What is the first thing you think of when I say Robert Johnson? Blues icon or legend? Yes. Dead at twenty-seven, although he still had four more years on his contract. Founder of the twenty-seven club, as they call it? Yes. Guitar player? Yes. Sold his soul at the crossroads to the devil? Yes, and we know this devil oh so well. It was me. Let me tell you all about it.
***
It was nineteen thirty-one, and the cool spring air was laced with the scents of jasmine and oleander as my feet touched the ground, and I took form once again to conduct the nightly deeds. To my amazement, it is not a needy, greedy human that had summoned me tonight but one of my own kind.

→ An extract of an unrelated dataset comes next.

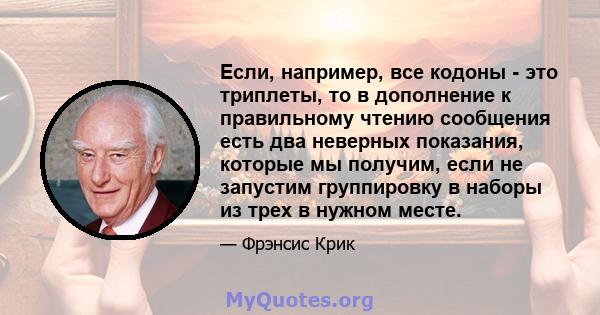 Если, например, все кодоны - это триплеты, то в дополнение к правильному чтению сообщения есть два неверных показания, которые мы получим, если не запустим группировку в наборы из трех в нужном месте.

I stared into the fat, balding, bespectacled face of one Roland Hildabranch of Rochester, New York. He was what you would probably call a middle-management demon, a go-between from the infernal powers below to us working in the earthly realms above. In life, he was a factory owner who set his factory on fire with employees in it for the insurance money. All those men, women, and children burned alive and got him a one-way ticket to the hot place. He offered me a curt nod and a small smile. I tipped my hat to him in response.
“Good evening, John. We are legion,” Roland said, looking at the clipboard in his pudgy hand.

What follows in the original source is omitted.